Adaptive Input/Output System upgrade further maximizes computation time on supercomputers
What good are supercomputers if you have to spend your whole time getting data in and out? Researchers at Oak Ridge National Laboratory (ORNL) are working to say goodbye to input/output (I/O) problems with their most recent upgrade of the Adaptive Input/Output System (ADIOS).
ADIOS grew out of a 2008 collaboration between the Oak Ridge Leadership Computing Facility (OLCF) and researchers from academia, industry, and national laboratories. Their goal was a system to get information in and out of a supercomputer efficiently.
“The measurement of success for us has always been ‘what percentage of time do you spend in I/O?’” said OLCF computational scientist Scott Klasky. ADIOS was inspired by Klasky’s work at the Princeton Plasma Physics Laboratory, where he noticed up to 30 percent of researchers’ computational time was spent reading and writing analysis files.
The open-source middleware is designed to help researchers maximize their allocations on leadership-class computing resources from wherever they may be. In essence, it creates more time for research by minimizing the time needed to read and write data to files, even if researchers are sending those files from thousands of miles away.
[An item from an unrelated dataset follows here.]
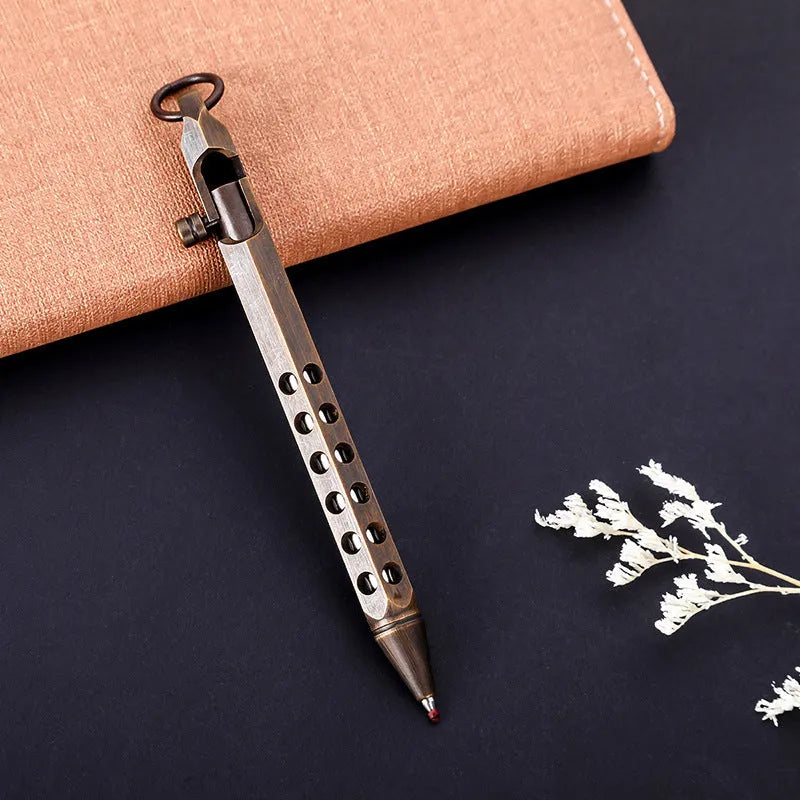 Brass hexagonal bolt rollerball pen with 0.5mm tip and retro mechanical design
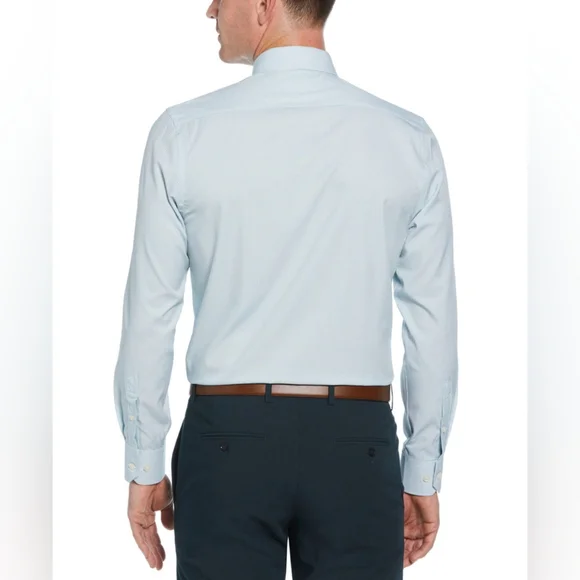 Perry Ellis Slim Fit Blue Checkered Print Long Sleeve Dress Shirt Small (32/33) - Picture 8 of 8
The previous release—version 1.2—improved usability by allowing users to construct new variables in their simulations while they run, simplifying the interface users work with and improving I/O performance. In fact, researchers using the middleware found the writing process substantially expedited, consuming only .06 percent of their computation time on average.
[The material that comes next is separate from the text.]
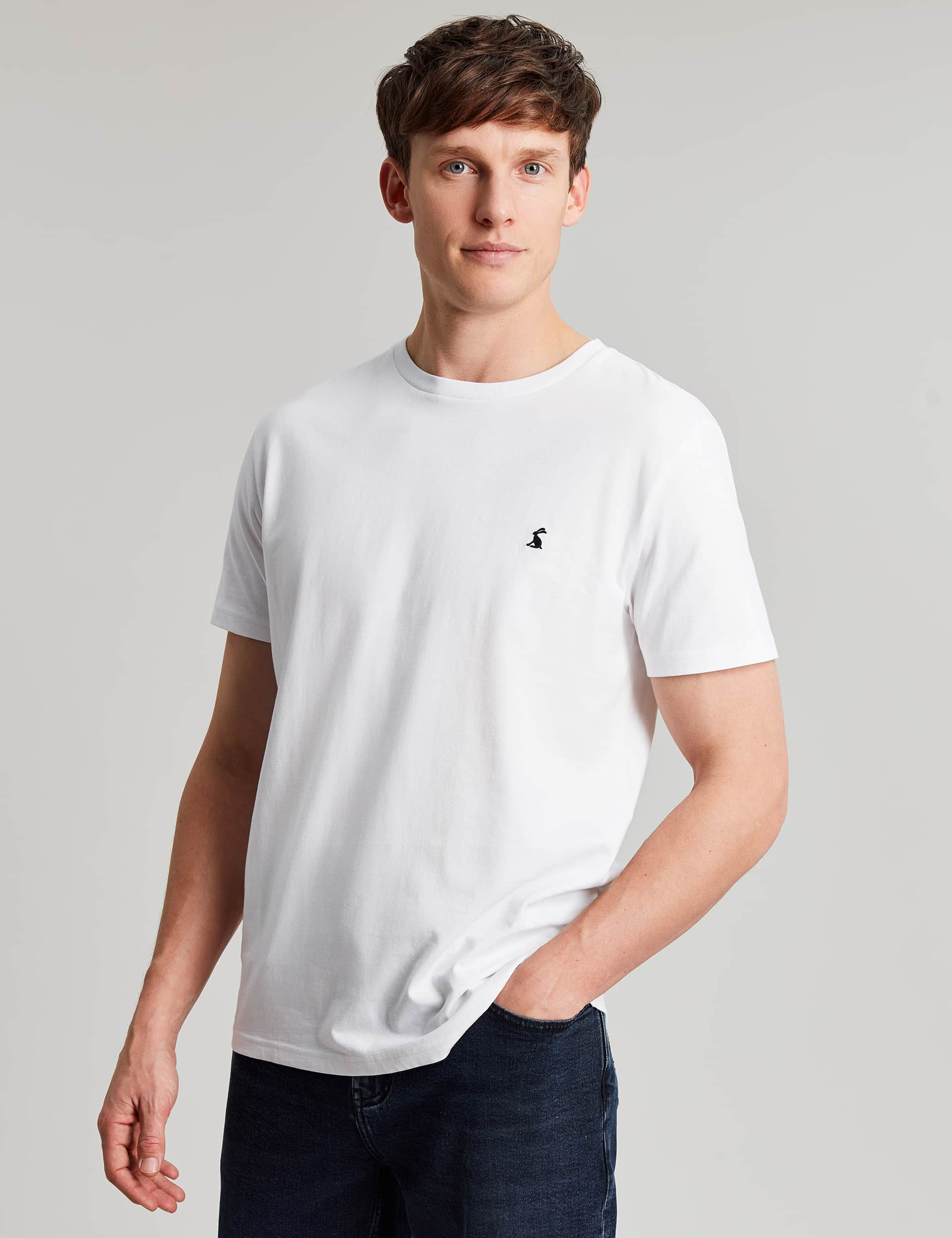 Joules Men's Pure Cotton Jersey Crew Neck T-Shirt - White, White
The biggest challenge for the newest release—version 1.3—was to improve reading efficiency, according to Qing Liu, a scientific researcher working in the Remote Data Analysis and Visualization branch at the National Institute for Computational Sciences and the leading developer of ADIOS.
“Our users were very happy that the writing was greatly improved [with version 1.2]. They could get 30 gigabytes per second for the writing performance, but when they tried to read, the performance was much lower,” he said. “There was a huge gap between writing and reading performance.”
Ray Grout, a researcher at the National Renewable Energy Laboratory, was one of the first people to test the latest update, using the S3D combustion code to study turbulent flows reacting to one another. Grout noted a huge increase in reading performance.
Klasky also added that ADIOS 1.4 will continue grass-root collaboration from computer science researchers to greatly reduce the problem of coping with large data on high-performance machines.
In addition to Klasky, Liu, and Grout, ADIOS 1.3 collaborators include William Tang, C.S. Chang, Weixing Wang, Stephane Ethier, and Zhihong Lin of the Princeton Plasma Physics Laboratory; Norbert Podhorszki, Jeremy Logan, Sean Ahern, Luis Chacon, Roselyne Tchoua, and Ricky Kendall of ORNL; Jackie Chen, Kenneth Moreland, Jay Lofstead, Ron Oldfield, and Todd Kordenbrock of Sandia National Laboratories; Xiaosong Ma, Nagiza Samatova, and Sriram Lakshminarasimh of North Carolina State University; Garth Gibson and Milo Polte of Carnegie Mellon University; Karsten Schwan and Greg Eisenhauer of Georgia Tech; Hasan Abbasi of the University of Tennessee–Knoxville; Seung-Hoe Ku of New York University; John Wu, Arie Shoshani, and Jinoh Kim of Lawrence Berkeley National Laboratory; and Julian Cummings of the California Institute of Technology.